N’eût été cette médiation réussie par le bâtonnier, Me BEUGRE Adou Marcel, le juge Boiqui Kouadjo aurait commis à Simone Ehivet Gbagbo, des avocats d’office. En outre, il avait décidé de la juger en son absence, car elle refusait de comparaître. Mais là encore, Me Dadjé proteste vigoureusement : « La commission d’avocat d’office par la cour d’Assises est non avenue, car depuis le 1er janvier 2015 conformément à l’article 43 du règlement numéro 5 de l’UEMOA, aucune juridiction ne peut commettre d’avocat d’office. Cela relève exclusivement du bâtonnier de l’ordre des avocats. »

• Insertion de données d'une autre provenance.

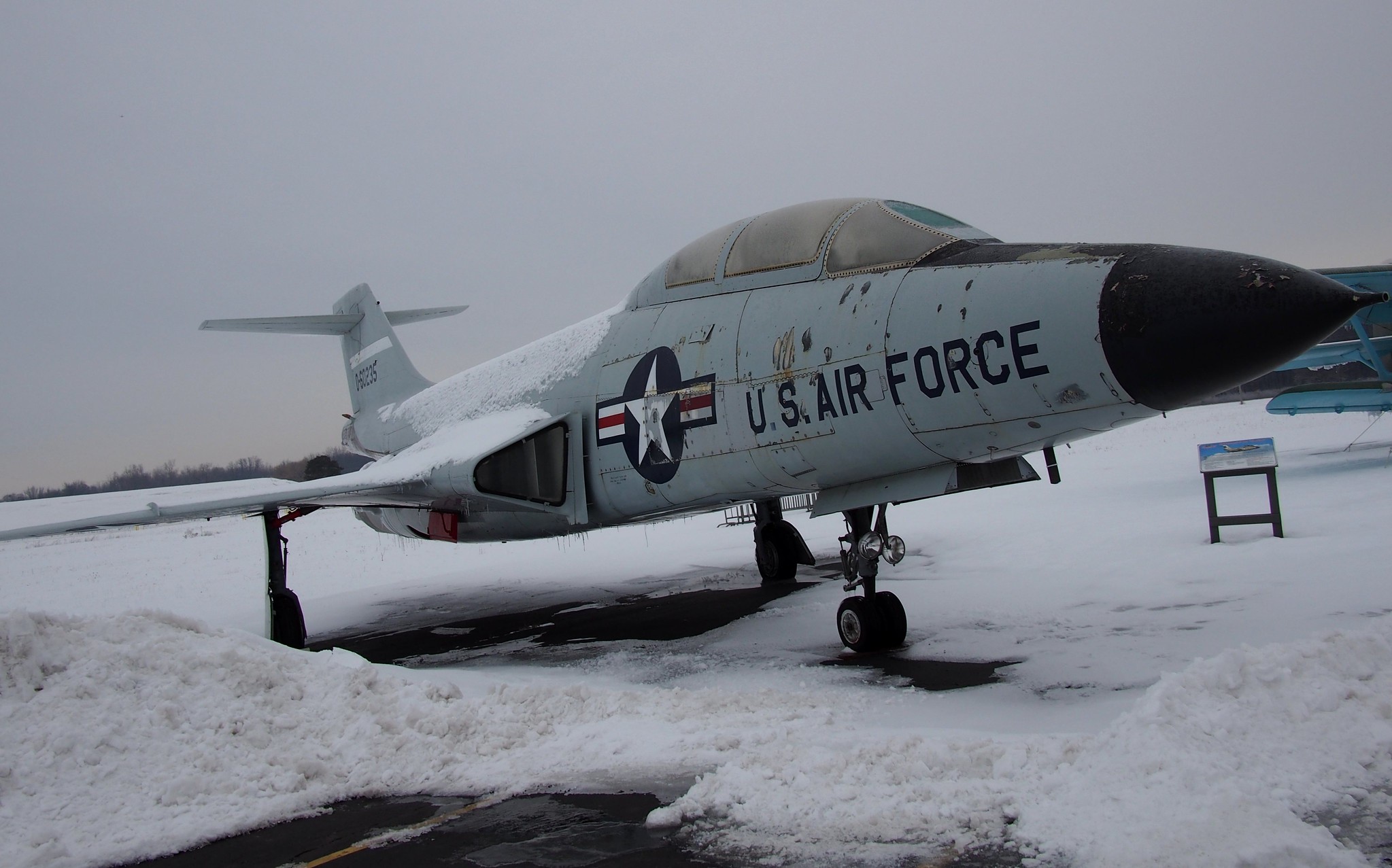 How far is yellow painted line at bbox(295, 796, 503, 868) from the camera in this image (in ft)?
10.7

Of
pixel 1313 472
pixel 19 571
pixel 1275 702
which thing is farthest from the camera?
pixel 19 571

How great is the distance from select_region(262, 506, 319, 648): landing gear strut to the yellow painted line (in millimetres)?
5879

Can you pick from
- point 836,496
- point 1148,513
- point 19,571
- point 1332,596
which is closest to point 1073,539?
point 1148,513

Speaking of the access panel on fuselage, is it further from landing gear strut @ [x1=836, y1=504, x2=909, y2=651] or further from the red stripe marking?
the red stripe marking

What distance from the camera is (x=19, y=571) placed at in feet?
76.5

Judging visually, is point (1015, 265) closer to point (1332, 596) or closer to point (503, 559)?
point (1332, 596)

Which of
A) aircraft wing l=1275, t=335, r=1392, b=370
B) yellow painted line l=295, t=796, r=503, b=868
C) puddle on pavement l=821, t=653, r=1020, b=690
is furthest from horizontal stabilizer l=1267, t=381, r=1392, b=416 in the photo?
yellow painted line l=295, t=796, r=503, b=868

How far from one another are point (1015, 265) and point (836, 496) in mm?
2051

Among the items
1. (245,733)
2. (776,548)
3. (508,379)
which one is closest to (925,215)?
(245,733)

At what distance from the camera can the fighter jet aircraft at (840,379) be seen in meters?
4.30

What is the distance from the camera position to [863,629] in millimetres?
6422

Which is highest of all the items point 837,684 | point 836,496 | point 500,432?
point 500,432

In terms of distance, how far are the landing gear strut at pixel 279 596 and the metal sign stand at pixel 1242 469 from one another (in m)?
9.72

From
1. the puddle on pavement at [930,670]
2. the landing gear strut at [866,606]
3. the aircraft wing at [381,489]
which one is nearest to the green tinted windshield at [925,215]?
the landing gear strut at [866,606] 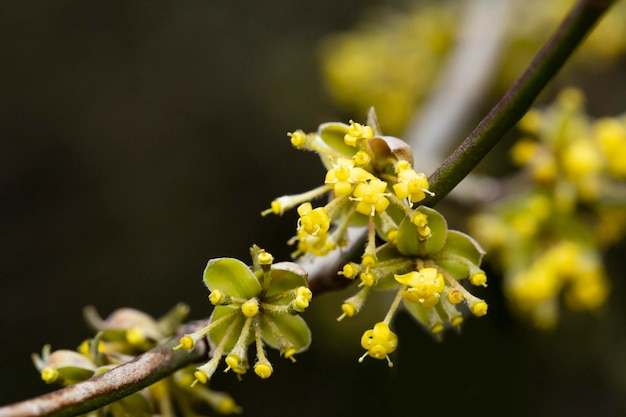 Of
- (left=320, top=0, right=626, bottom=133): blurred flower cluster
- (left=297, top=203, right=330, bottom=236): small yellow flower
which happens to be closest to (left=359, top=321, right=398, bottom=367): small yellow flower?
(left=297, top=203, right=330, bottom=236): small yellow flower

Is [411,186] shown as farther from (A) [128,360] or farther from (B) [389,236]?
(A) [128,360]

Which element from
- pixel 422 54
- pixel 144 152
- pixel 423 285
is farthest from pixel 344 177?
pixel 144 152

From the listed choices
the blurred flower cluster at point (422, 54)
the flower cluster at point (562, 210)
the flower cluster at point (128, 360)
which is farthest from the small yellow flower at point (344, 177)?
the blurred flower cluster at point (422, 54)

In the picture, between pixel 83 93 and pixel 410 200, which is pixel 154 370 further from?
pixel 83 93

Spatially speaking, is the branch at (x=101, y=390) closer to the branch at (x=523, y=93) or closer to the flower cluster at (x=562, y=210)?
the branch at (x=523, y=93)

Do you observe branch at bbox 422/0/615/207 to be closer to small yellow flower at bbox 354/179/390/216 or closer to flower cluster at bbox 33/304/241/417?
small yellow flower at bbox 354/179/390/216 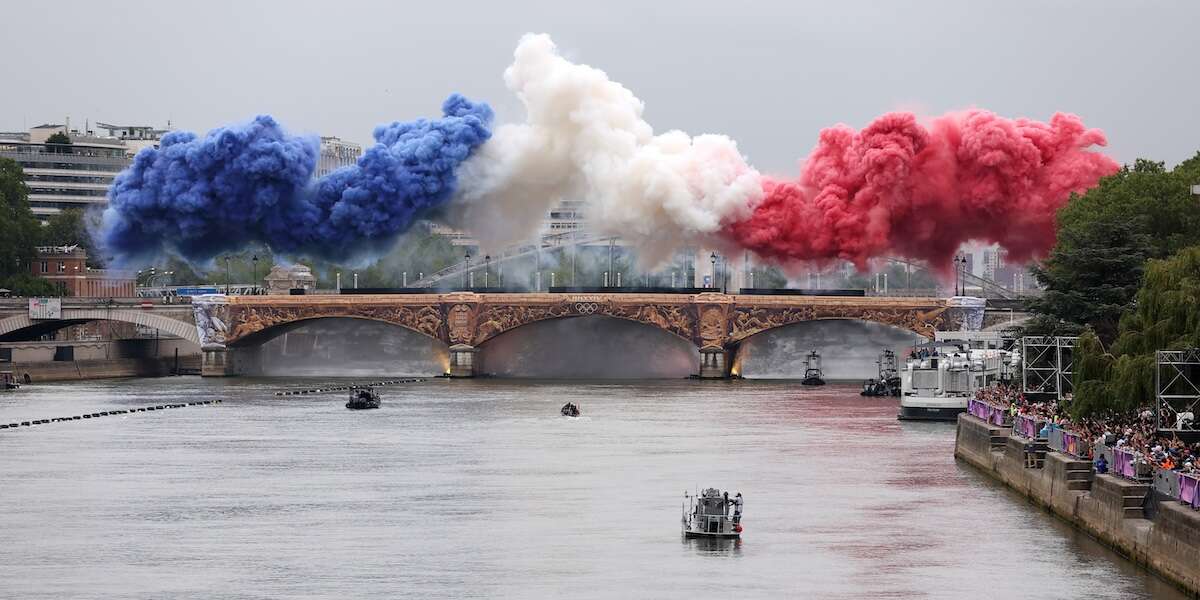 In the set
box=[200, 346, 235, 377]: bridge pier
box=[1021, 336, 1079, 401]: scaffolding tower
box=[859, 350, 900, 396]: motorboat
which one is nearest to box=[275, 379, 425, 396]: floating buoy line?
box=[200, 346, 235, 377]: bridge pier

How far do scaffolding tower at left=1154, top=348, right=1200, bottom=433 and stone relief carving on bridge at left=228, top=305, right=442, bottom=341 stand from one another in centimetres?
11185

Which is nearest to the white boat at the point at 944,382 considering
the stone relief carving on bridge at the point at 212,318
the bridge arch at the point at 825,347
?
the bridge arch at the point at 825,347

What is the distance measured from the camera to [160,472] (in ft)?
309

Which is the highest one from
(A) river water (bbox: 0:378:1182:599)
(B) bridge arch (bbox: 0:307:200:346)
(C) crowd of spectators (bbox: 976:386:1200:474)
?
(B) bridge arch (bbox: 0:307:200:346)

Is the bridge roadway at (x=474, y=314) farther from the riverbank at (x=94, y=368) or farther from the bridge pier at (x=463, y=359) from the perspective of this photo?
the riverbank at (x=94, y=368)

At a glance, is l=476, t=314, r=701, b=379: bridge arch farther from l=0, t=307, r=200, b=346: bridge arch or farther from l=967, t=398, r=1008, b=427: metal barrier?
l=967, t=398, r=1008, b=427: metal barrier

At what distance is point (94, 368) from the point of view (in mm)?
182250

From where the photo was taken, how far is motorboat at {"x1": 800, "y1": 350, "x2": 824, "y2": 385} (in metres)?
167

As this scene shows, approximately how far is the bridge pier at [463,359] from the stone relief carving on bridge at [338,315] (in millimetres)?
2125

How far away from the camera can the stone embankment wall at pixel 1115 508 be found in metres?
56.2

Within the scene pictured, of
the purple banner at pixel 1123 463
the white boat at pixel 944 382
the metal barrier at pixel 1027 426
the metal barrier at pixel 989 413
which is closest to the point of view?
the purple banner at pixel 1123 463

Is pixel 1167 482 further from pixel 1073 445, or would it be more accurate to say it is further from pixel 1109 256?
pixel 1109 256

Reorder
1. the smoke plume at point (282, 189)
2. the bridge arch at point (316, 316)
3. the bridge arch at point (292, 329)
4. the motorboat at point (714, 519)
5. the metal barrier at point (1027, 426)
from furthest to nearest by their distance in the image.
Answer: the bridge arch at point (292, 329), the bridge arch at point (316, 316), the smoke plume at point (282, 189), the metal barrier at point (1027, 426), the motorboat at point (714, 519)

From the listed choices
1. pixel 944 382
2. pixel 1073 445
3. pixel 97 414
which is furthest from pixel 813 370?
pixel 1073 445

Que cache réellement ce retour au procès de l’épouse de Gbagbo Laurent ? Les personnalités citées par la défense auraient-elles accepté enfin de déposer ? Les avocats auraient-ils accepté de se passer de leurs témoignages, même s’ils les jugent nécessaires pour faire éclater la vérité ?

En attendant de trouver des réponses à ces interrogations qui taraudent les esprits, le procès redémarre ce lundi 28 novembre. Notons que Mme Gbagbo est poursuivie devant la cour d’Assises pour crimes de guerre et crimes contre l’humanité. Elle fait déjà l’objet d’une première condamnation de 20 ans de réclusion pour atteinte à la sûreté de l’État.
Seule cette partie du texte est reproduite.